- [WORK INSTRUCTION] Nothing but the lines below from the one holding "Korrektur und Augenbrauen" up to and including the one holding "Iced golden milk" should be copied, exactly and without pictures.

- [RECORDS PROVIDED]

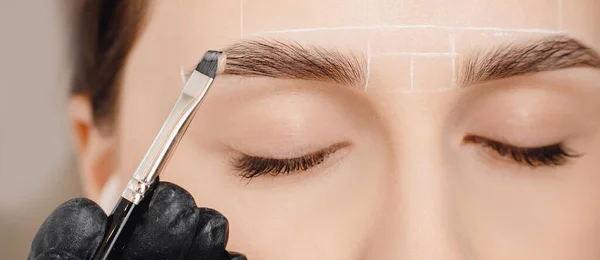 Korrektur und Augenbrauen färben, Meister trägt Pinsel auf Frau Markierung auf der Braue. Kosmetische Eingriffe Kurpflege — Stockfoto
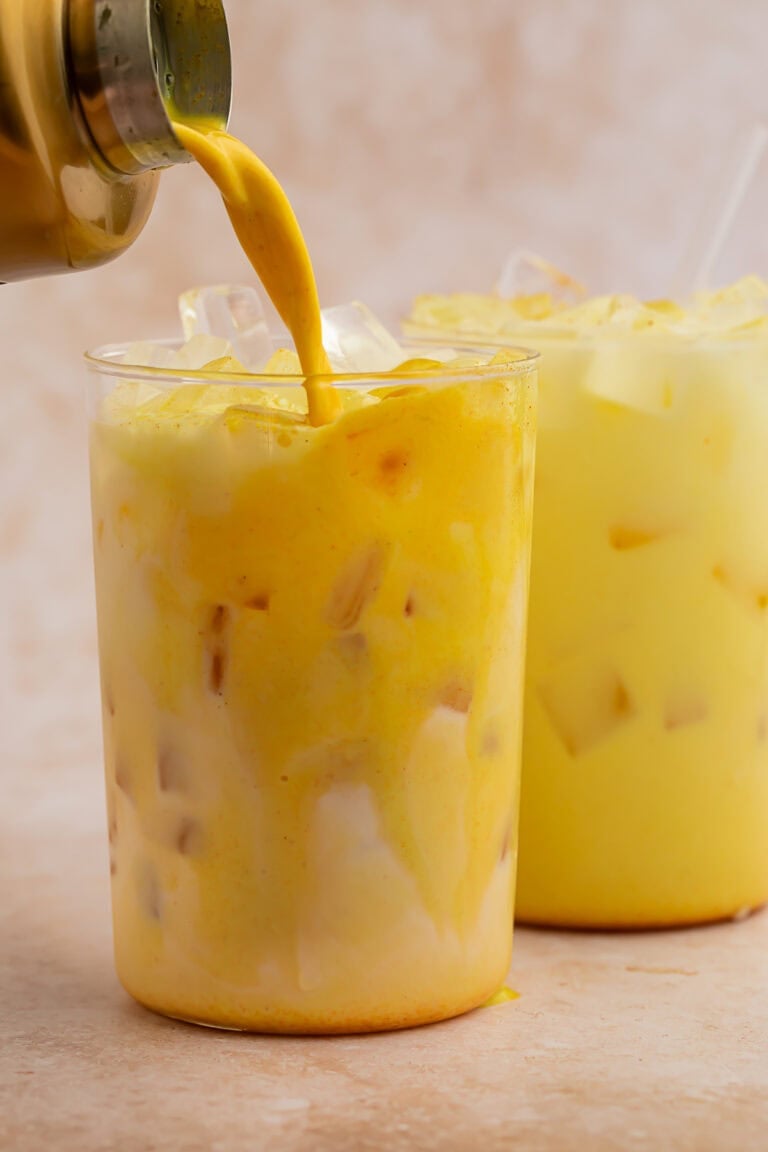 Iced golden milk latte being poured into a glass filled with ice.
==
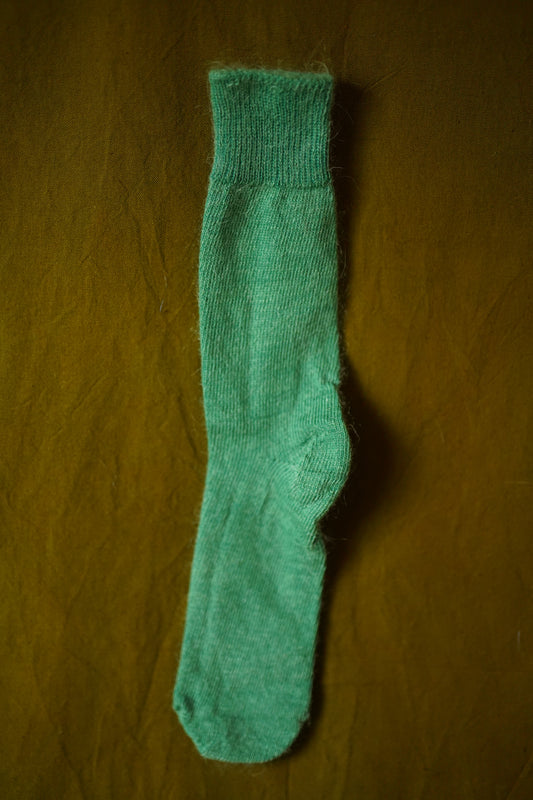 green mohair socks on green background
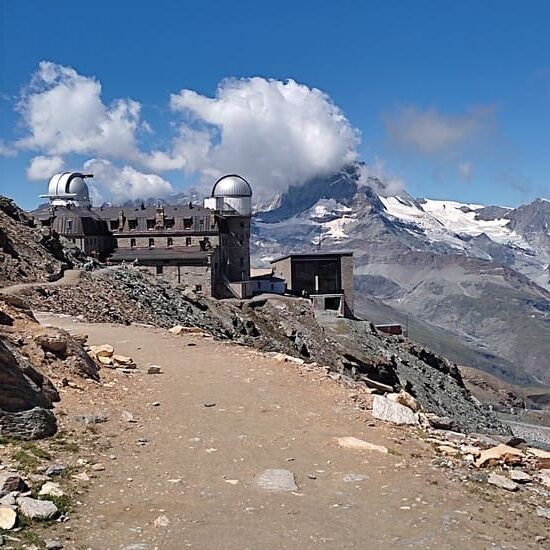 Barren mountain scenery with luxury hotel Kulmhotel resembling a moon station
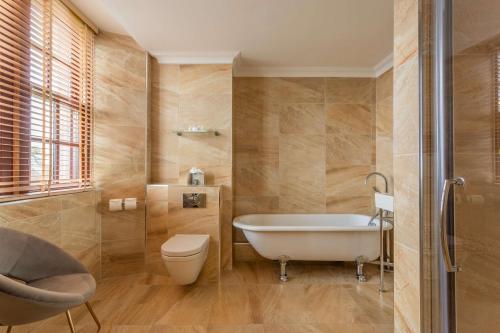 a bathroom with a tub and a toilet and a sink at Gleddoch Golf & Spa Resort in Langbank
...
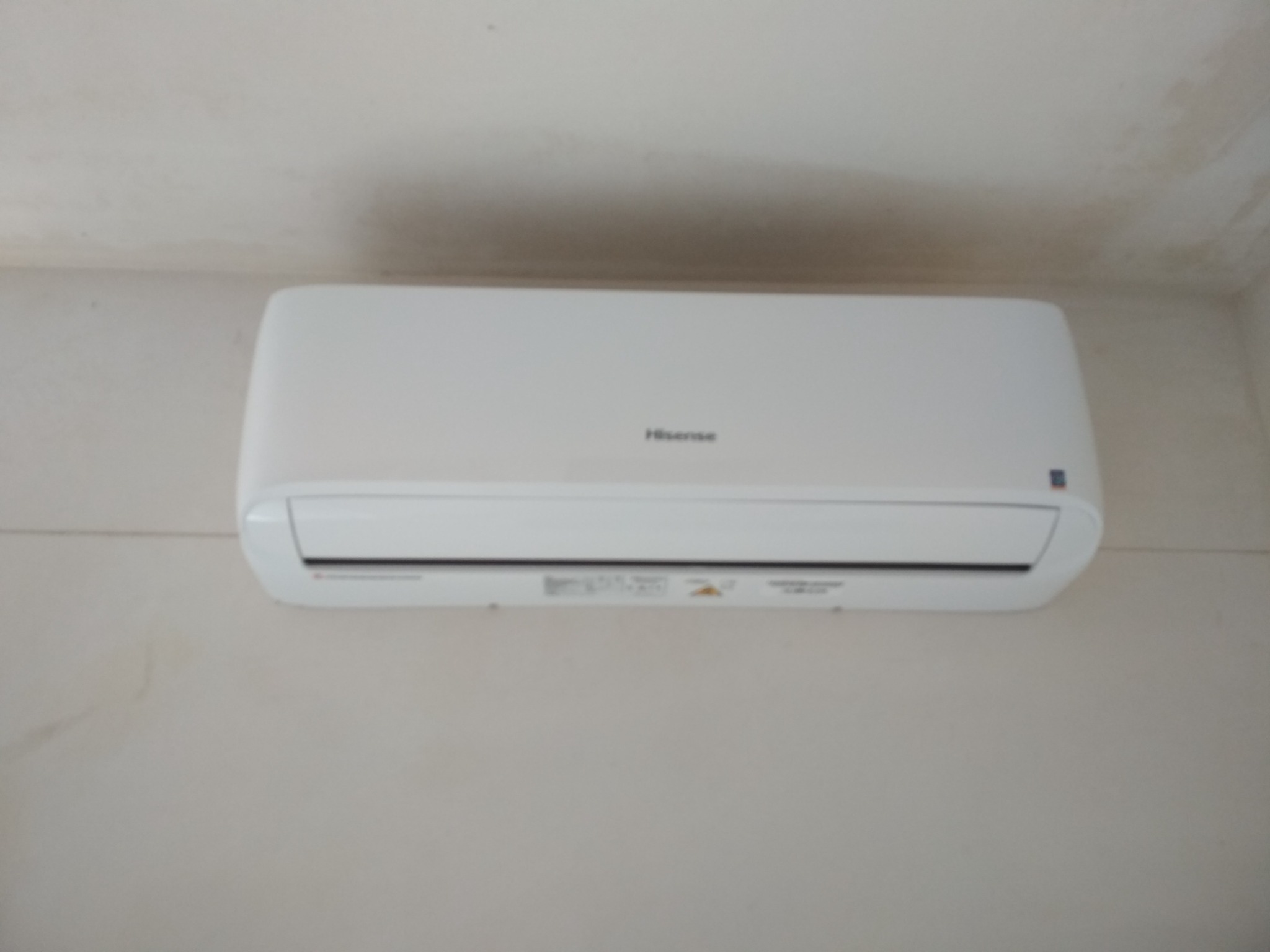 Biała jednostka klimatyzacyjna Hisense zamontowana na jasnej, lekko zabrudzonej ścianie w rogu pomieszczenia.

- [REPLY TO THE TASK]
 Korrektur und Augenbrauen färben, Meister trägt Pinsel auf Frau Markierung auf der Braue. Kosmetische Eingriffe Kurpflege — Stockfoto
 Iced golden milk latte being poured into a glass filled with ice.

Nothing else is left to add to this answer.